C'est bien Gatsby qui m'ouvre la porte en immaculé pyjama chinois, les cheveux plaqués en arrière par cette gomina naturelle qu'on a coutume d'appeler la classe.
Gatsby Sheller m'apprend donc, devant un café, qu'il prépare pour septembre un album qui nous fera penser au temps jadis de Lux Aeterna. Est-ce la raison pour laquelle il a depuis si longtemps disparu de la circulation et de nos étranges lucarnes ? "J'ai fait des émissions qui me paraissaient innover, Les enfants du rock, L'Echo des bananes. Le reste me fait penser à la télévision d'il y a dix ans". Netteté glacée et un peu ennuyée des propos de Gatsby, propension naturelle à éviter les galères, ironie discrète vis-à-vis des journalistes depuis que l'un d'entre eux a pris les lithos du salon, Wagner et Chopin, pour des portraits de famille. Et cette façon de répondre simplement : "Ah, bon…" quand je lui dis que l'univers de sa musique est avant tout nostalgique. Gatsby n'est décidément pas ravi d'introduire la presse chez lui.
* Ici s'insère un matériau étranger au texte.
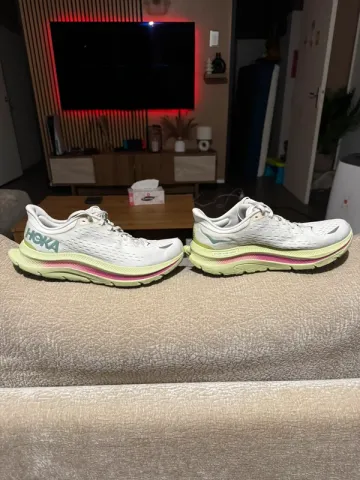 Used Hoka Kawana Running Shoes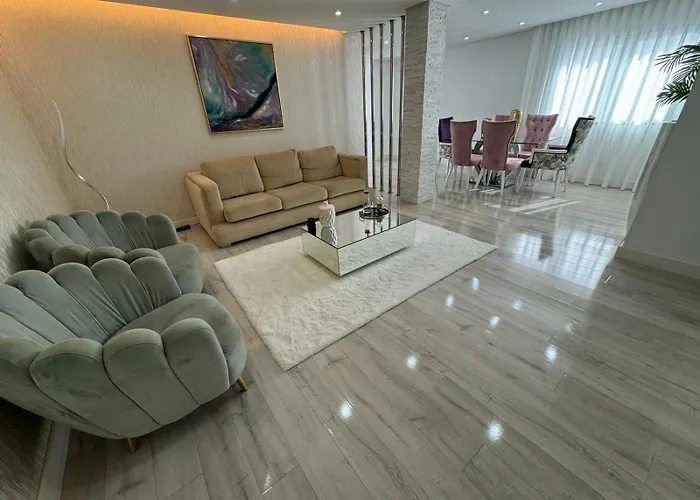 Casa De Sonho * Amadora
C'est le nom de Barbara qui le mettra en confiance. "C'est à cause d'elle que je fais ce métier. elle m'a choisi pour les arrangements de La Louve, elle m'a décidé à chanter. Elle m'appelle de temps en temps pour me parler en courant". Ça glisse, je vois bien que Gatsby a l'impression de parler de tout et de rien et se demande ce que je vais bien pouvoir écrire. Il ne lira sans doute pas ces lignes, tellement il est agacé que je l'ai démasqué alors qu'il se fait passer partout pour le fiston de Stevie Wonder. Sait-il au moins quel est son public ? "Non, je ne sais pas. C'est justement pour aller voir, pour savoir que je vais refaire des tournées".
Un peu de café ? Merci. Lara, ça va ? Ça va. Il est allé à l'Olympia pour elle. "Bien obligé, question d'image…" Il sourit. Méchant homme qui se débrouille pour me parler d'autre chose que des mots doux sur ses musiques, juste pour m'embêter. Au lieu de ça, il s'amuse à énoncer des vérités premières, histoire de voir l'effet qu'elles me font. "Je me demande dans quelle direction peuvent se tourner les jeunes d'aujourd'hui. Dans les années cinquante, tout explosait. Il y avait de l'argent, beaucoup d'argent. Maintenant, il n'y a que des modes". Mais vous-même, Gatsby, vous êtes à la mode ? "Je l'ai été. Je faisais toutes les télés. Je racontais n'importe quoi dans des revues bêbêtes. Maintenant ça suffit".
Quand je m'avançais pour prendre congé, je m'aperçus que le visage de Gatsby avait repris son expression d'ahurissement, comme si un doute vague se levait en lui sur la qualité de son bonheur actuel. Gatsby croyait en la lumière verte, en l'extatique avenir qui d'année en année recule devant nous. "C'est moi Gatsby", fit-il tout à coup. "Quoi ?" m'écriais-je. "Oh, je vous demande pardon. Je croyais que vous saviez, vieux frère. J'ai bien peur de ne pas être un très bon maître de maison". Francis Scott Fitzgerald.

L'Olympia (double album). Réf : 6622-035 Phonogram.

* Gatsby le magnifique, de Francis Scott Fitzgerald.